Cupra’s rebel with a cause

Spanish brand’s dark turn points to future funster

REBELLION continues to brew with Cupra – the latest concept being described as a straight-out provocation.

The Spanish car making element of the Volkswagen Group has revealed more information about a new virtual study that’s viewed as being a tease for an eventual production electric sports car.

Shown in digital form at the reveal of the new electric Tavascan coupe-SUV, Cupra says it is ready to push boundaries after its strong growth in the five years since it split from sibling brand SEAT.  

More than 300,000 Cupra models have been sold since its launch in 2018, and half of those were sold in 2022 alone. 

The Batmobile-esque Dark Rebel currently just exists in the digital world, but Cupra wants it to become reality as it pushes for sportier models. 

It’s described by Cupra’s chief executive officer Wayne Griffiths as a “dream”. Could it be a reality? To that, the Briton says: “We make dreams come true, so you best be ready.

“After five years of building the brand Cupra in a nowadays world, it is time to think about the next step. The Cupra Dark Rebel is the ultimate interpretation of our vision.” 

The styling study has many traditional sports car design features, including a long nose and a big rear spoiler, and also delivers many of the core design features seen on the new NZ-bound Tavascan performance SUV. These include Tavascan’s three-light signature along with a ‘centre spine’ that connects the front and the rear.
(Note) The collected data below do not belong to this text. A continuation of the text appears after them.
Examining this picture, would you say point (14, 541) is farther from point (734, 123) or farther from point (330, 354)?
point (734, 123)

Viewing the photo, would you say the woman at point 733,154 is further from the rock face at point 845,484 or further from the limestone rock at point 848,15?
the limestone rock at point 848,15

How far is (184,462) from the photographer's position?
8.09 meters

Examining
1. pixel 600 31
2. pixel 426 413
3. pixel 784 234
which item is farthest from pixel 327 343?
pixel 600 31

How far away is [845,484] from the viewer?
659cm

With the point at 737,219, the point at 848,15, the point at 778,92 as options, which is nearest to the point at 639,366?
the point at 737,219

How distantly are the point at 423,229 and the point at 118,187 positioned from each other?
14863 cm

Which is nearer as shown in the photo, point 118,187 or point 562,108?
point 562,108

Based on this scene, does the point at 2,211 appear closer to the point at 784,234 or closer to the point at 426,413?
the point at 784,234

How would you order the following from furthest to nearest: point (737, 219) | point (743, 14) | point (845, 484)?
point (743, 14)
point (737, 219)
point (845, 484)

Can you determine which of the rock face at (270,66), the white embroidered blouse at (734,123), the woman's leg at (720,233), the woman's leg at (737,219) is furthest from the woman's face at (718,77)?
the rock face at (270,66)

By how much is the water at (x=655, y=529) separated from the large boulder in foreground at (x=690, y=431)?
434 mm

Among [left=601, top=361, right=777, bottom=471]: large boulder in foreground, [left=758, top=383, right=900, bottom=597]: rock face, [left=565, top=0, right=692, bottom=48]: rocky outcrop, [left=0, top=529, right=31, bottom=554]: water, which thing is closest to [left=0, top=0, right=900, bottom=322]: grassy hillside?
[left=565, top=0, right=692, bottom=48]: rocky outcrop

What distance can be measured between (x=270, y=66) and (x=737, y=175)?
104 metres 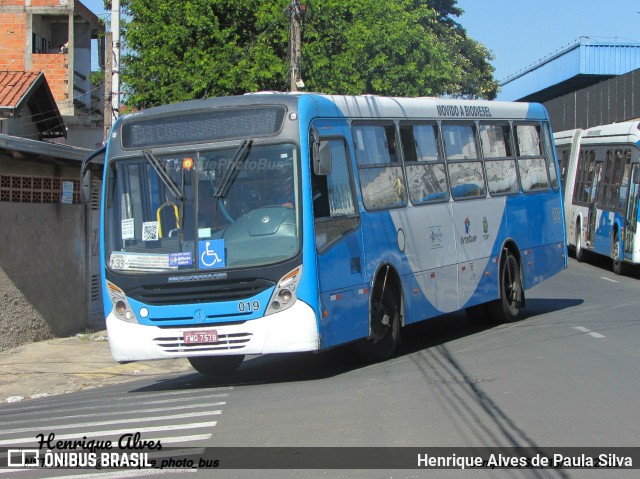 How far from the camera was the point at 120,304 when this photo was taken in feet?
36.8

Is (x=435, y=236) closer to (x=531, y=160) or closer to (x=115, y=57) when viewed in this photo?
(x=531, y=160)

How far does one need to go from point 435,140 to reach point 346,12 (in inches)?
769

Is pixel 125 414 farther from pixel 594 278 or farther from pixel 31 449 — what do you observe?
pixel 594 278

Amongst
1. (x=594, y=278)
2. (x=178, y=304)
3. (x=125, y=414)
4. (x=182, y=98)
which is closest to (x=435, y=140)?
(x=178, y=304)

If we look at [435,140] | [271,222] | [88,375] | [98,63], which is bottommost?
[88,375]

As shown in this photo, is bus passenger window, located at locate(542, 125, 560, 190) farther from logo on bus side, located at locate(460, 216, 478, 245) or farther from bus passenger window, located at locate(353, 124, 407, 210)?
bus passenger window, located at locate(353, 124, 407, 210)

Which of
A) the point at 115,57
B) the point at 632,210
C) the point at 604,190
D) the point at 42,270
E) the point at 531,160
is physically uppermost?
the point at 115,57

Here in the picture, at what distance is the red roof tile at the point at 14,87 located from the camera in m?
23.4

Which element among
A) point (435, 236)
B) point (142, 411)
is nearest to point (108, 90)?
point (435, 236)

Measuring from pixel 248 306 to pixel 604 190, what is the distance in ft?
56.6

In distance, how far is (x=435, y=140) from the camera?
45.9ft

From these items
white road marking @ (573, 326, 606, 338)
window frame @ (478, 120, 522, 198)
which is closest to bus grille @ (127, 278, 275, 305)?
white road marking @ (573, 326, 606, 338)

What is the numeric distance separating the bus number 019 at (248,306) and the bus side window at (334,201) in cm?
87

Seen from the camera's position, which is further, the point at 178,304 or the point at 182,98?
the point at 182,98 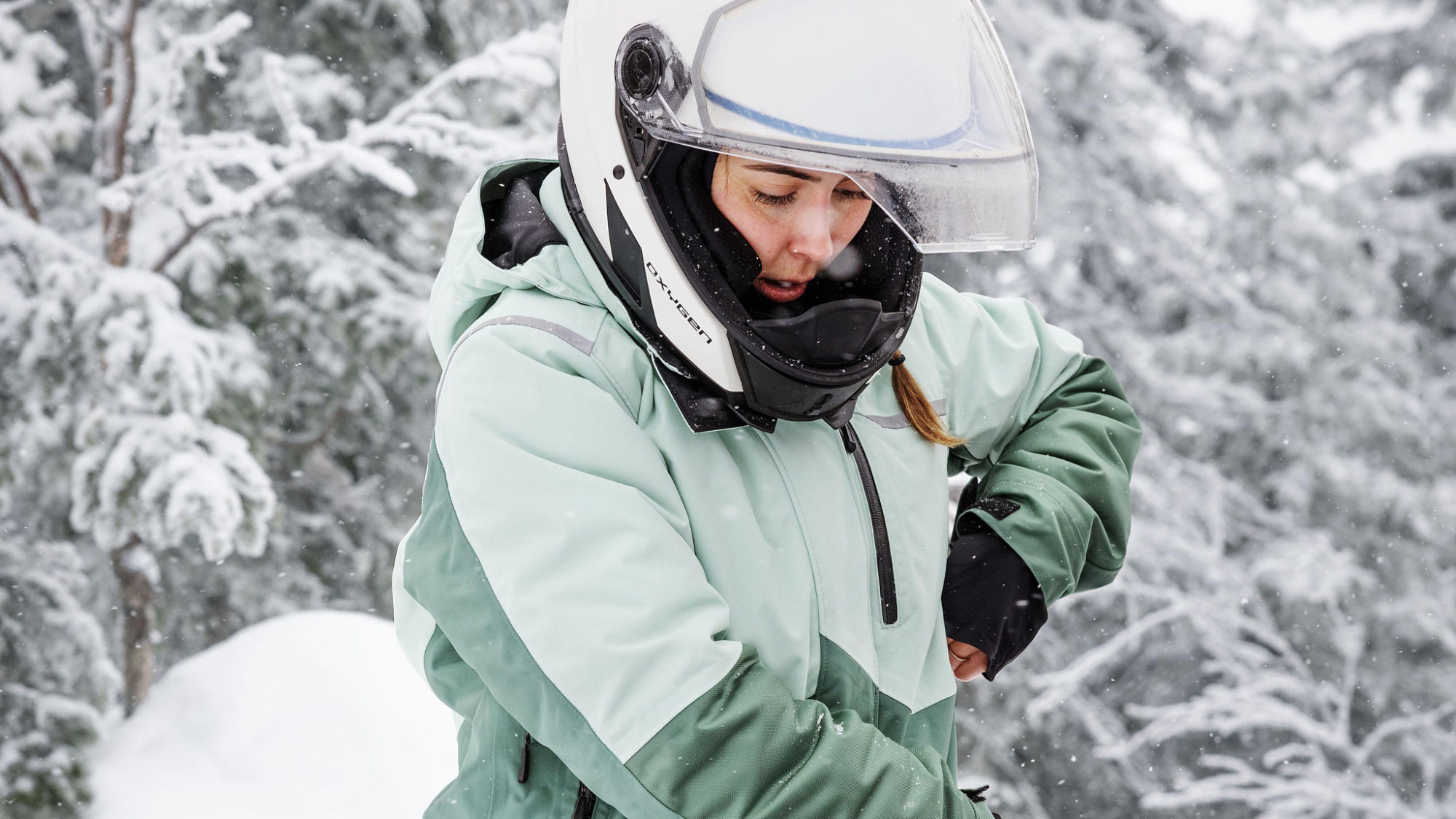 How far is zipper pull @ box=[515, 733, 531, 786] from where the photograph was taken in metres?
1.22

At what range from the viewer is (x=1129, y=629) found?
6051 millimetres

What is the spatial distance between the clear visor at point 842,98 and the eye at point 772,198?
0.07m

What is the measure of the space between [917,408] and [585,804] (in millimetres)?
646

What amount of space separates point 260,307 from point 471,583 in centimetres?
427

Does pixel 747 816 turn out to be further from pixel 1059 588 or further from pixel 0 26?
pixel 0 26

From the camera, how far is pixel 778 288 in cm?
129

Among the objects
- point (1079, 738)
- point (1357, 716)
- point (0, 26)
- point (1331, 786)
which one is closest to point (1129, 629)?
point (1331, 786)

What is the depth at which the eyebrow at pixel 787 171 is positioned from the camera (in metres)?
1.20

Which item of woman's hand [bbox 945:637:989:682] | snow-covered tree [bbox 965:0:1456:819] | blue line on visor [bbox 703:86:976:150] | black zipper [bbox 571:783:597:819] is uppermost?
blue line on visor [bbox 703:86:976:150]

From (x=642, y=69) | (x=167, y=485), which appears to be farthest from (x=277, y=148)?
(x=642, y=69)

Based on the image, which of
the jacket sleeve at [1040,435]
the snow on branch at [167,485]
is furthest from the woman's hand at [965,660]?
the snow on branch at [167,485]

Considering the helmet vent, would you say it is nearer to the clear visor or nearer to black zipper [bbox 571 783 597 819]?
the clear visor

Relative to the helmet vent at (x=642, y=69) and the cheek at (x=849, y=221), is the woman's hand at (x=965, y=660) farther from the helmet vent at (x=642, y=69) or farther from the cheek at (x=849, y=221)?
the helmet vent at (x=642, y=69)

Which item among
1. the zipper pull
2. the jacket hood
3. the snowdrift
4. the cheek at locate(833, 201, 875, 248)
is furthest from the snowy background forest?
the cheek at locate(833, 201, 875, 248) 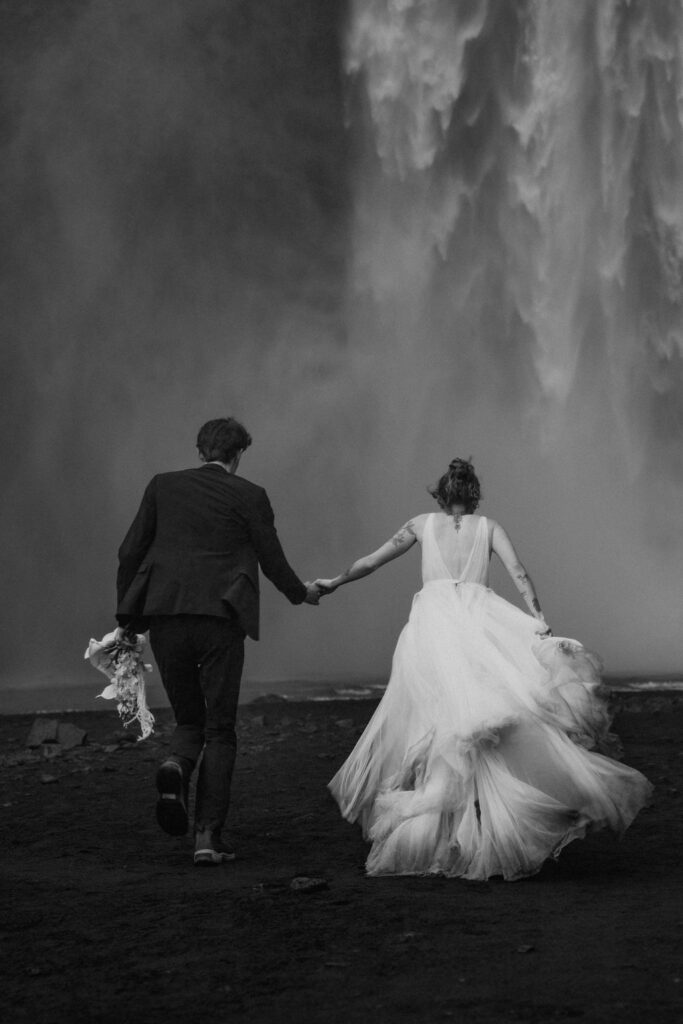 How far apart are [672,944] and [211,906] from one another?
2.01 metres

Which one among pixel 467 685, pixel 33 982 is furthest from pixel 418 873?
pixel 33 982

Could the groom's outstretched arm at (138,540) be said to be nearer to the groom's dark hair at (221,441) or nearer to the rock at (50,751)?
the groom's dark hair at (221,441)

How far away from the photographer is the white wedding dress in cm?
602

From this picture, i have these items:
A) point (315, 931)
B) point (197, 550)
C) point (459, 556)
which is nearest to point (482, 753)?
point (459, 556)

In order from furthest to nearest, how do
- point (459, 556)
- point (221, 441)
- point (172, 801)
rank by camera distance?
point (459, 556)
point (221, 441)
point (172, 801)

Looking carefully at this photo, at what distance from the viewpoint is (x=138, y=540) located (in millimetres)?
6668

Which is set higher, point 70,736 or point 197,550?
point 197,550

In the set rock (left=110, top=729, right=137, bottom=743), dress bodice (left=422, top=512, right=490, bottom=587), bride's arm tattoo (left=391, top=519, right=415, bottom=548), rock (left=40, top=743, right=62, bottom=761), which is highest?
bride's arm tattoo (left=391, top=519, right=415, bottom=548)

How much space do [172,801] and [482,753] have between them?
1635 mm

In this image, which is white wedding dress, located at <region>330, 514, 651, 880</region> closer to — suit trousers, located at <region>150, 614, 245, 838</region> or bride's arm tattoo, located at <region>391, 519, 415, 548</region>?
bride's arm tattoo, located at <region>391, 519, 415, 548</region>

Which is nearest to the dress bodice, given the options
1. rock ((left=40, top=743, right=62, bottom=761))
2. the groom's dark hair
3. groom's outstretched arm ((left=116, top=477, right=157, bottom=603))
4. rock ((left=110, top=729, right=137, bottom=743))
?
the groom's dark hair

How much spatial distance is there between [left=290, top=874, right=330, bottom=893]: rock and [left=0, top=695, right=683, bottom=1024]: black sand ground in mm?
19

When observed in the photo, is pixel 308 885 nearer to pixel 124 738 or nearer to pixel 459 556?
pixel 459 556

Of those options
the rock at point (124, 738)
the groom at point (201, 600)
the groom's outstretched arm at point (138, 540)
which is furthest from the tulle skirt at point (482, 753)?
the rock at point (124, 738) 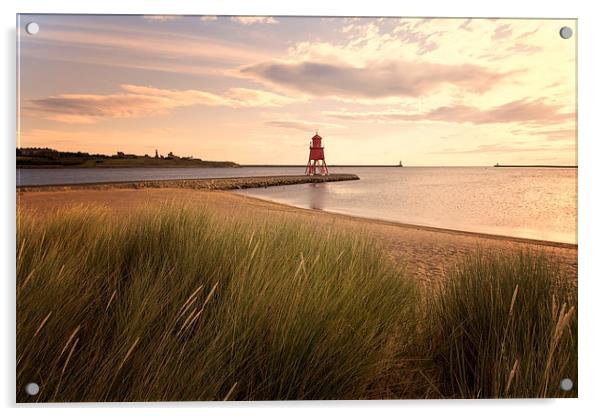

Cupra says the Dark Rebel’s primary purpose is to promote its move into the ‘metaverse’. If you didn’t already know, that’s a digital world through which the brand hopes to connect with younger customers.

The Dark Rebel is immediately identifiable as a sporty thing, but the whole car looks to be one solid mass. 

Elements such as the lights are designed to ‘emerge from the body’.Extreme futurism continues within the cabin. Occupants sit in bucket seats, the driver behind a "progressive gamifying steering wheel" designed to look a bit like a PlayStation controller, but with holographic displays that appear to be floating on the steering column.

Yet that isn't the real technological showcase. Dark Rebel is here for users to create their own futuristic avatar, then explore the Cupra offering. The idea is that customers can configure their own Dark Rebel, sitting the car in one of three different virtual environments.

 The Exponential Square is said to be “inspired by natural elements... and raw textures and earthy colours can be experienced and challenged by the user,” while the Exponential Cube is inspired by a vision of racing in the future, with neon-like colours and “parametric geometries”. Finally, the Exponential Infinite is intended to be “dream-like” and “ethereal”.

Cupra has a virtual configurator which the the public can access. That input will inform the final design of a Dark Rebel show car, with Cupra integrating some of the most popular design features.

Cupra’s currently offering fossil-fuelled product, with the Ateca, the Leon and its own first product, the Formentor.

Its first electric car, the Born, a five-door hatch, is limbering up for NZ sale, a roadshow from next month being a precursor to an on-sale from September.

Tavascan is set to land at the end of 2024. Before that we will also have the Terramar, another sports utility with a plug-in hybrid drivetrain. In 2025 the Urban Revel concept car will enter production as a more affordable EV, based off the Volkswagen ID.2.